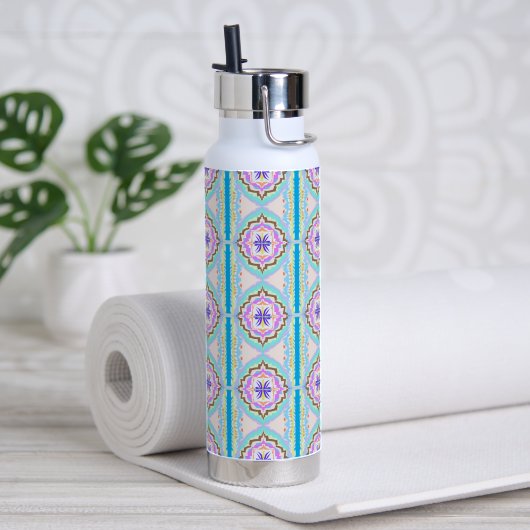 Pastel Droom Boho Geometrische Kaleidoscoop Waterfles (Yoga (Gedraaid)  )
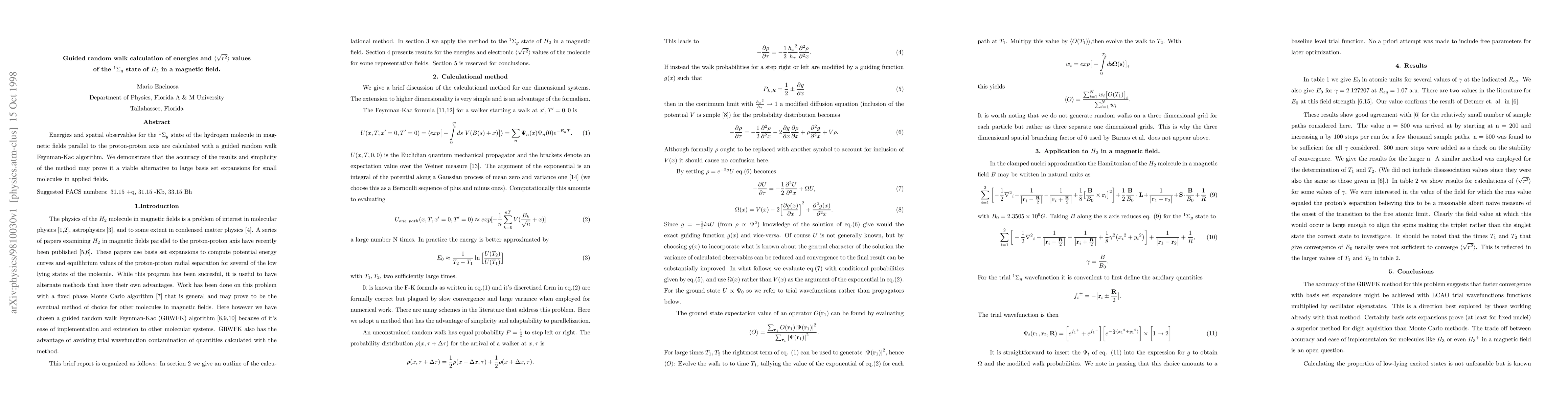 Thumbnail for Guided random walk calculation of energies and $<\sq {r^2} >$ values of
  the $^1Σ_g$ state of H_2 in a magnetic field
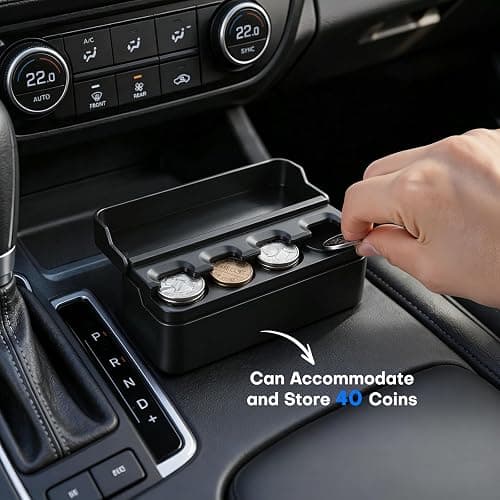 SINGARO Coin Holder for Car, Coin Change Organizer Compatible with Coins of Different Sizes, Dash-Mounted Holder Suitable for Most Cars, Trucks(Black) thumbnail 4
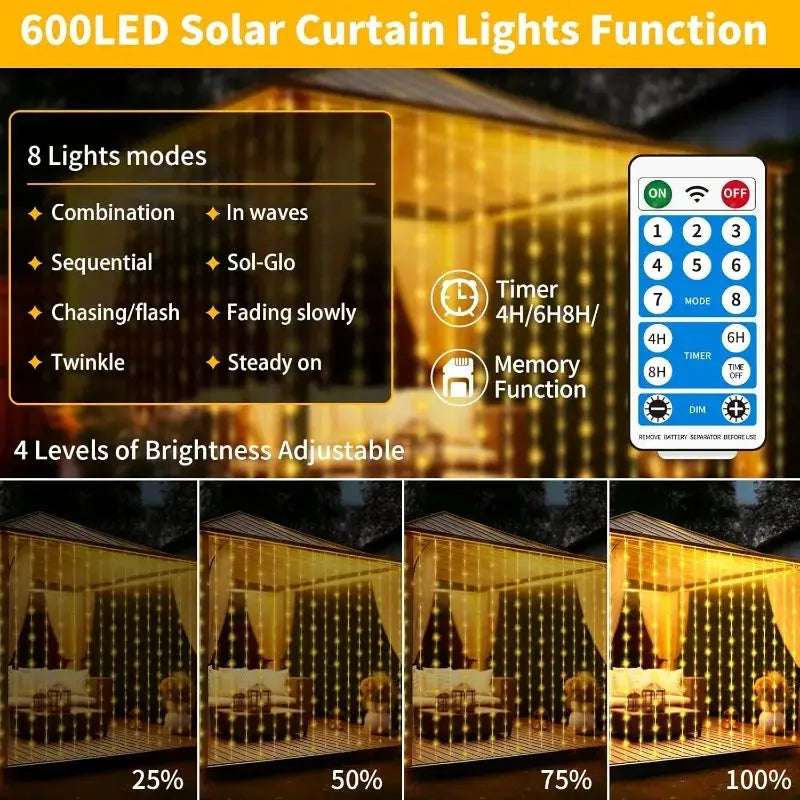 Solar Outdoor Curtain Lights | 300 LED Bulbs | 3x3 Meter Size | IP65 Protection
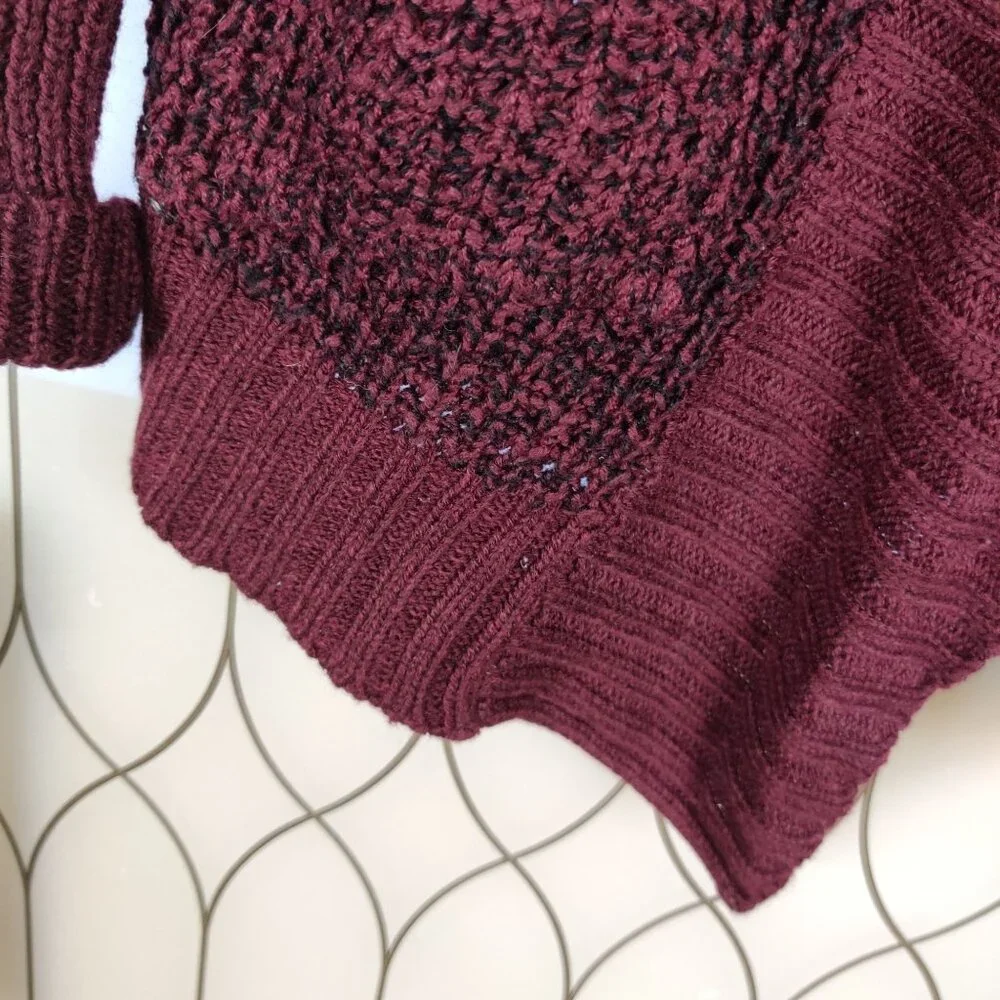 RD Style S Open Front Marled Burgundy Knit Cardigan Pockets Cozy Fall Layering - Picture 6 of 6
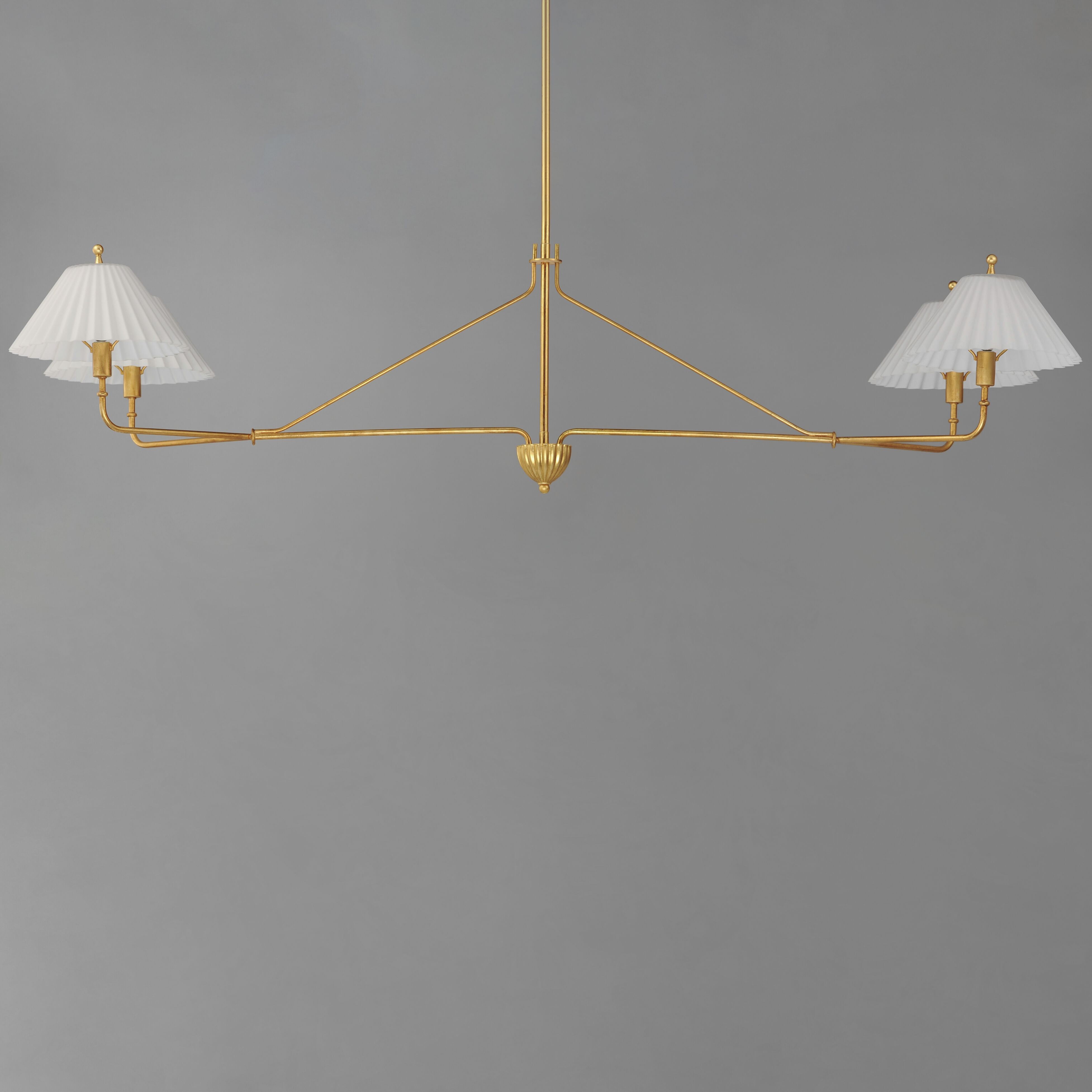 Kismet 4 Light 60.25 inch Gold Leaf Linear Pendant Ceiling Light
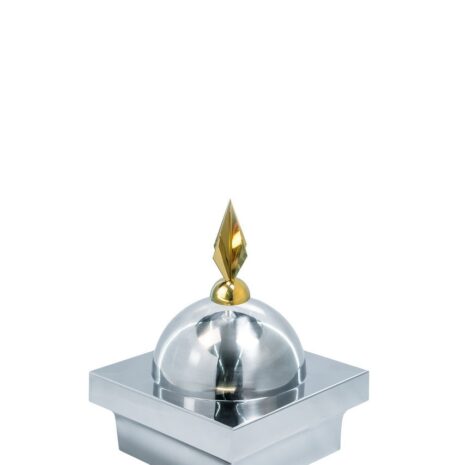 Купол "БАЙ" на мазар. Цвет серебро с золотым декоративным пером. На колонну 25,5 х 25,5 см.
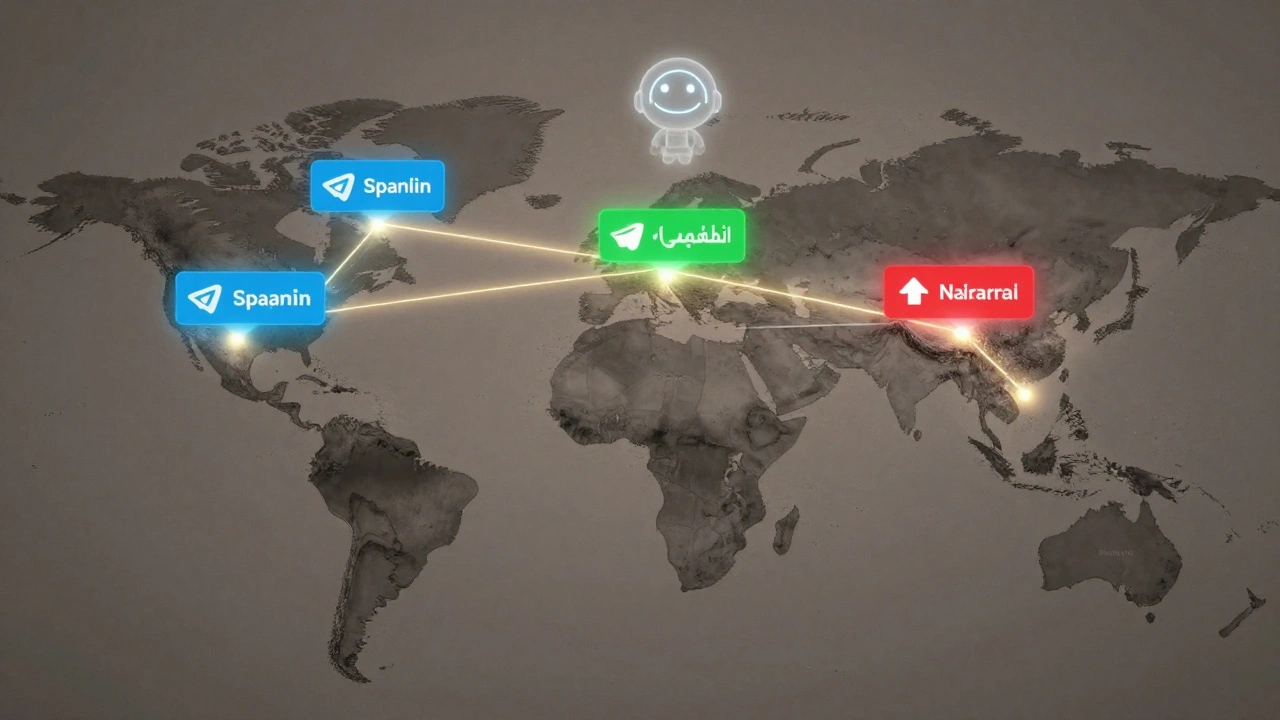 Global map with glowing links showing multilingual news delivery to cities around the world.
================================
Once the pictures are set aside, write out the entries verbatim.

PROBLEM SOLUTION |
 Pastel Droom Boho Geometrische Kaleidoscoop Waterfles (Yoga (Gedraaid)  )
 Thumbnail for Guided random walk calculation of energies and $<\sq {r^2} >$ values of
  the $^1Σ_g$ state of H_2 in a magnetic field
 SINGARO Coin Holder for Car, Coin Change Organizer Compatible with Coins of Different Sizes, Dash-Mounted Holder Suitable for Most Cars, Trucks(Black) thumbnail 4
 Solar Outdoor Curtain Lights | 300 LED Bulbs | 3x3 Meter Size | IP65 Protection
 RD Style S Open Front Marled Burgundy Knit Cardigan Pockets Cozy Fall Layering - Picture 6 of 6
 Kismet 4 Light 60.25 inch Gold Leaf Linear Pendant Ceiling Light
 Купол "БАЙ" на мазар. Цвет серебро с золотым декоративным пером. На колонну 25,5 х 25,5 см.
 Global map with glowing links showing multilingual news delivery to cities around the world.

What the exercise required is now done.